#### [EXTRACTED MATERIAL]
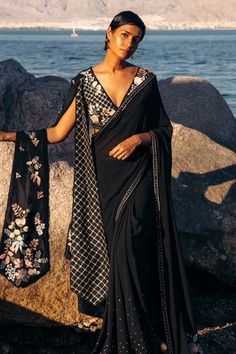 Black saree with embroidered spreads on hem and border work. Comes with floral and geometric embroidered blouse with one shoulder drapes.
Component: 2
Pattern: Embroidered
Type Of Work: Geometric, Floral Patterns
Neckline: Plunged V-Neck
Sleeve Type: Sleeveless
Fabric: Crepe
Color: Black
Other Details: 
Shoulder draped blouse
Note: Dupatta shown in the image is not for sale
Occasion: Destination Wedding - Aza Fashions Sahil Kochhar, Sarees Black, Drape Saree, Draped Blouse, Black Saree, Blouse For Women, Blouse Online, Indian Sarees, Embroidered Blouse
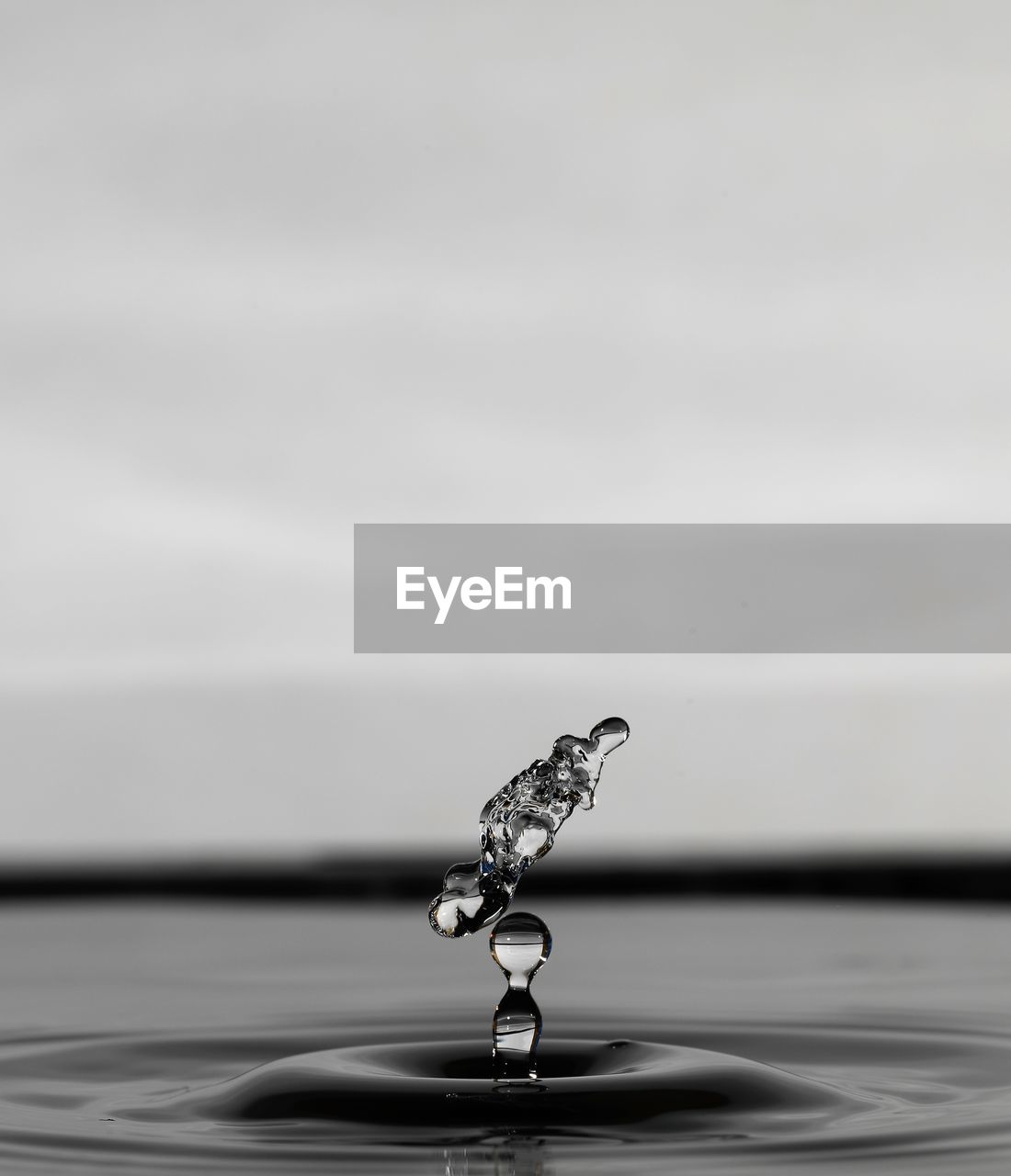 CLOSE-UP OF DROP FALLING ON WATER IN CONTAINER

#### [EXERCISE INSTRUCTIONS]
Write out, please, the lines of the listing above from the one with "Color: Black" through the very last, exactly as given and with no pictures.

#### [EXERCISE OUTPUT]
Color: Black
Other Details: 
Shoulder draped blouse
Note: Dupatta shown in the image is not for sale
Occasion: Destination Wedding - Aza Fashions Sahil Kochhar, Sarees Black, Drape Saree, Draped Blouse, Black Saree, Blouse For Women, Blouse Online, Indian Sarees, Embroidered Blouse
 CLOSE-UP OF DROP FALLING ON WATER IN CONTAINER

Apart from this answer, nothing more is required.